A. K. McClure, delegate-at-large from Pennsylvania to National Union Party Convention, calls on Lincoln. Alexander K. McClure, Lincoln as a Politician (Putnam, CT: privately printed, 1916), 18.

Mrs. Lincoln attends opera, accompanied by Postmaster Gen. Blair and his daughter. Fox, Diary, Gist-Blair Family Papers, Library of Congress, Washington, DC.

Friday, June 3, 1864.+-

Washington, DC.

President Lincoln replies to a group of New York "loyal citizens," who invited him to attend a June 4 "mass meeting" to honor General Ulysses S. Grant. Lincoln writes, "It is impossible for me to attend. . . . My previous high estimate of Gen. Grant has been maintained and heightened by what has occurred in the remarkable campaign he is now conducting . . . I trust that at your meeting, you will so shape your good words that they may turn to men and guns moving to his and their support." Abraham Lincoln to Frederick A. Conkling and Others, 3 June 1864, CW, 7:374.

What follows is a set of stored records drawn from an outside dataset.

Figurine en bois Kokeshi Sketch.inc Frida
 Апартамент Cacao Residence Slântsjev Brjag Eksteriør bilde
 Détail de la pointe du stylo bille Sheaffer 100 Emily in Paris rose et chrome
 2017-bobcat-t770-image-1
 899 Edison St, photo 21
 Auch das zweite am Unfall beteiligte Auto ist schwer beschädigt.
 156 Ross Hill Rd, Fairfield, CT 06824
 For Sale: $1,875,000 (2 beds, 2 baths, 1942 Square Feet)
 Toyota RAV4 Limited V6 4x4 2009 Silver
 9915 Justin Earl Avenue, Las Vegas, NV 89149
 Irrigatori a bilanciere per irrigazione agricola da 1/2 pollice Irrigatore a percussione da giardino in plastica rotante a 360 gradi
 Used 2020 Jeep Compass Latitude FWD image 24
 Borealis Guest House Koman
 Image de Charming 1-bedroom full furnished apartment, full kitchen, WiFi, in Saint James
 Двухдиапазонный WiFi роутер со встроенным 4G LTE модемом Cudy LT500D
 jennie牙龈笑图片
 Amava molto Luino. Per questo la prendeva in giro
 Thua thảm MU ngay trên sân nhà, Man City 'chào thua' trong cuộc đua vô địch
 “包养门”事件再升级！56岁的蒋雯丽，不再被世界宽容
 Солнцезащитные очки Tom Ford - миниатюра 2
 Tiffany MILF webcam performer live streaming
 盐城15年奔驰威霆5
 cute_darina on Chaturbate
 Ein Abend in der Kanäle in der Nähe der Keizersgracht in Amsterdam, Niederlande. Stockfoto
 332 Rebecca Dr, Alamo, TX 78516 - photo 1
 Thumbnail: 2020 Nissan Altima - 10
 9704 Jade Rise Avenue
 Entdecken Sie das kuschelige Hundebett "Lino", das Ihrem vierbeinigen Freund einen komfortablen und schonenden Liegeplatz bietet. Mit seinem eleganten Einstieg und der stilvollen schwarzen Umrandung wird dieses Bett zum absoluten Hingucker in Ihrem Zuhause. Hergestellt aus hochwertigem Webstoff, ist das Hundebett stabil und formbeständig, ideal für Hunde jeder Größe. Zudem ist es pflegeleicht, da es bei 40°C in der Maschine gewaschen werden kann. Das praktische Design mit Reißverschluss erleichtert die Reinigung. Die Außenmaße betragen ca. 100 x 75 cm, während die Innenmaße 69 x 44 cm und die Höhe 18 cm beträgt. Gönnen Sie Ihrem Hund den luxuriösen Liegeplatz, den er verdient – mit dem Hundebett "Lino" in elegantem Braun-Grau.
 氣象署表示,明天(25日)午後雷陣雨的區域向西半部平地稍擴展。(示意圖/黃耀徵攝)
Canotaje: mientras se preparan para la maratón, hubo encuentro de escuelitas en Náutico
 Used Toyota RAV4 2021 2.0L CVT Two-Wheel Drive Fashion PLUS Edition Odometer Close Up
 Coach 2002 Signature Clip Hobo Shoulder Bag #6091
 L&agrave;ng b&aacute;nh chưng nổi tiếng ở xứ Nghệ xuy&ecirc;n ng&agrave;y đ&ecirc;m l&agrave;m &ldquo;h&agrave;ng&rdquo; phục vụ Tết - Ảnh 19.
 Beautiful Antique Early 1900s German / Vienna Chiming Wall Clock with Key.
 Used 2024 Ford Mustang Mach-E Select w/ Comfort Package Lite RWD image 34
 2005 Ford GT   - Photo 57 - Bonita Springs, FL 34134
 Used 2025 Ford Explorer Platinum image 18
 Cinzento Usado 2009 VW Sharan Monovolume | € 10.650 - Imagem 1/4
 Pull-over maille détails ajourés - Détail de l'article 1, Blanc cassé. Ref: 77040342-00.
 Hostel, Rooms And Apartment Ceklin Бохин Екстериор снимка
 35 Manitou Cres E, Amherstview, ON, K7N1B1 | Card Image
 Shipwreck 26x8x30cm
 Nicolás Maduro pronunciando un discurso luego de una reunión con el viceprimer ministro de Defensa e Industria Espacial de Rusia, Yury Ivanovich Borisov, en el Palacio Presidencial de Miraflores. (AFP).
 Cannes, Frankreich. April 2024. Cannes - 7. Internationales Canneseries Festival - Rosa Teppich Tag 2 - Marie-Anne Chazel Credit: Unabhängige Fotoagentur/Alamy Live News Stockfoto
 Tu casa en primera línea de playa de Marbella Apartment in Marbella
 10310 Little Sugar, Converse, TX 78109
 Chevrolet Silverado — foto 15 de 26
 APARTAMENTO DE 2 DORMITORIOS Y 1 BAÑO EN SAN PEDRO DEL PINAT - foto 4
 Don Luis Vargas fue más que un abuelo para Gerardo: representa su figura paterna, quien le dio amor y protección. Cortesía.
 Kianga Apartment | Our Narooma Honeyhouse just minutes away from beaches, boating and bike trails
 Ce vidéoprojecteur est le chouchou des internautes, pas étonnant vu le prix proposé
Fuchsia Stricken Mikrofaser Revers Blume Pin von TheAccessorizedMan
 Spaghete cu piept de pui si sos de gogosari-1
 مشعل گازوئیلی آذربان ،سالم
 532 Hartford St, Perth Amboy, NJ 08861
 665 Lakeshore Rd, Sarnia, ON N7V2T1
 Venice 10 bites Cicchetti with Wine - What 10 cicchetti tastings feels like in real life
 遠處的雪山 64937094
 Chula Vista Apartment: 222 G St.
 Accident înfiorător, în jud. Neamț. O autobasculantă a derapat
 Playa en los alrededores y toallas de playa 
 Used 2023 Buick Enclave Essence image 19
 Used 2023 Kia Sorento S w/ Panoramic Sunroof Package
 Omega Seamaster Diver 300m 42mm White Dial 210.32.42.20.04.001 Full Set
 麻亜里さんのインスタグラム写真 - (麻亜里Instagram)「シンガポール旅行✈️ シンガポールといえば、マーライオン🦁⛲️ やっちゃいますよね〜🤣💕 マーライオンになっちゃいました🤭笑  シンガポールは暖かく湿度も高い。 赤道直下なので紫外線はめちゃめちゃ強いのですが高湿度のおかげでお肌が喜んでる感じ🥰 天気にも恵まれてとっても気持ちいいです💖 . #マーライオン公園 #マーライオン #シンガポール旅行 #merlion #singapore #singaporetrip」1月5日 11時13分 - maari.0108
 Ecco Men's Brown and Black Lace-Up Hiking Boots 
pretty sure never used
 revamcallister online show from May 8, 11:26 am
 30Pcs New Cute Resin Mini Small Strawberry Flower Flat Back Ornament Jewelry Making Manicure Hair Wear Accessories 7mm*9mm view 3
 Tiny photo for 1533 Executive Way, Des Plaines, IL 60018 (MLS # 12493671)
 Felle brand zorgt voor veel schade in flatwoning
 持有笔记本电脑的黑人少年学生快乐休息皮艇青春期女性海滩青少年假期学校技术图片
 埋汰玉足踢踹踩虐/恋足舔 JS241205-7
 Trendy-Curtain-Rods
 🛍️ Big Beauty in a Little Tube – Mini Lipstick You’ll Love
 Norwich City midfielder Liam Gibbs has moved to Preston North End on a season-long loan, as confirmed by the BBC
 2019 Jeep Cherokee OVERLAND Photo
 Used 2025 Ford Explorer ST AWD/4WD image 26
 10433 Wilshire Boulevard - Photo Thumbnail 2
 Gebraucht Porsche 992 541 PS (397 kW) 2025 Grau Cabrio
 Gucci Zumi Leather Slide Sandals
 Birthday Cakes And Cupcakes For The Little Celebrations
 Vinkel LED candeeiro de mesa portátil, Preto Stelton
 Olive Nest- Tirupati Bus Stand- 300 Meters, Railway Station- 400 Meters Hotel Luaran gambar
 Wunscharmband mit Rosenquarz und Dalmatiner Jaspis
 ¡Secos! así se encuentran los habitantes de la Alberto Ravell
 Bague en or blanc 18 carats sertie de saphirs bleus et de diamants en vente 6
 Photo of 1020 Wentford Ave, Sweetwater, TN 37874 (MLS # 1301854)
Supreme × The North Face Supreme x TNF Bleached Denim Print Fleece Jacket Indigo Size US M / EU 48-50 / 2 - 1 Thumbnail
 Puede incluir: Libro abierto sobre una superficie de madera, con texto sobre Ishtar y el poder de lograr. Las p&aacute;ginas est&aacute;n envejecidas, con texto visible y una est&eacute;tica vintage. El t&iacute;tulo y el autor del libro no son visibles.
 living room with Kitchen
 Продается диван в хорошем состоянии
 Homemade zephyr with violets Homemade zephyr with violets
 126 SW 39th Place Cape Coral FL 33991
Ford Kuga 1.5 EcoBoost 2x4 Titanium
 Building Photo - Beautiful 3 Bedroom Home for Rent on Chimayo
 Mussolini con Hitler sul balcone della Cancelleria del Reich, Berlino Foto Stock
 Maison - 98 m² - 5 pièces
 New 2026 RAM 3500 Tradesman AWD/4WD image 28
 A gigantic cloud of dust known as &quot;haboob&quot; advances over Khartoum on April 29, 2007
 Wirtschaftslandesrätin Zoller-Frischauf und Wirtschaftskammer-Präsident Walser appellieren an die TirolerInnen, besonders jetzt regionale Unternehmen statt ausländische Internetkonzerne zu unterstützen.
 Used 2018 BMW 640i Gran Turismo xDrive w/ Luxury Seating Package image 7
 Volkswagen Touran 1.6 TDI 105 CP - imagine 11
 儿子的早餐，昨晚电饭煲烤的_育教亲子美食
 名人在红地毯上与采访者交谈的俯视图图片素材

Interviews at White House groups of delegates en route to National Union Convention in Baltimore. Welles, Diary.

Approves act providing national currency, secured by pledge of U.S. bonds, and providing for circulation and redemption thereof. Stat. L., XIII, 99.

[Irwin draws $3.53 draft on Springfield Marine Bank, for taxes on Council Bluffs, Iowa, land. Pratt, Personal Finances, 177.]

Saturday, June 4, 1864.+-

Washington, DC.

President continues to welcome all delegations to Baltimore Convention, knowing many will not be admitted: carpetbaggers, Negroes, sutlers claiming to represent states still in rebellion. Monaghan, Diplomat, 364; Hay, Letters and Diary.

Marine Band gives public concert on grounds of Executive Mansion at 5:00 p.m. Daily National Republican (Washington, DC), 4 June 1864, 2d ed., 2:6; 6 June 1864, 2d ed., 2:6.

Sunday, June 5, 1864.+-

Washington, DC.

President will not commit himself on subject of candidate for Vice President. Brooks, Washington, 151.

Monday, June 6, 1864.+-

Washington, DC.

President interviews Prof. Eben N. Horsford of Cambridge, Mass., and Lewis H. Morgan, anthropologist of Rochester, N.Y., regarding Pvt. James McCarthy, Co. K, 140th New York Regiment, under sentence for attempt to desert. Abraham Lincoln to George G. Meade, 6 June 1864, CW, 7:378.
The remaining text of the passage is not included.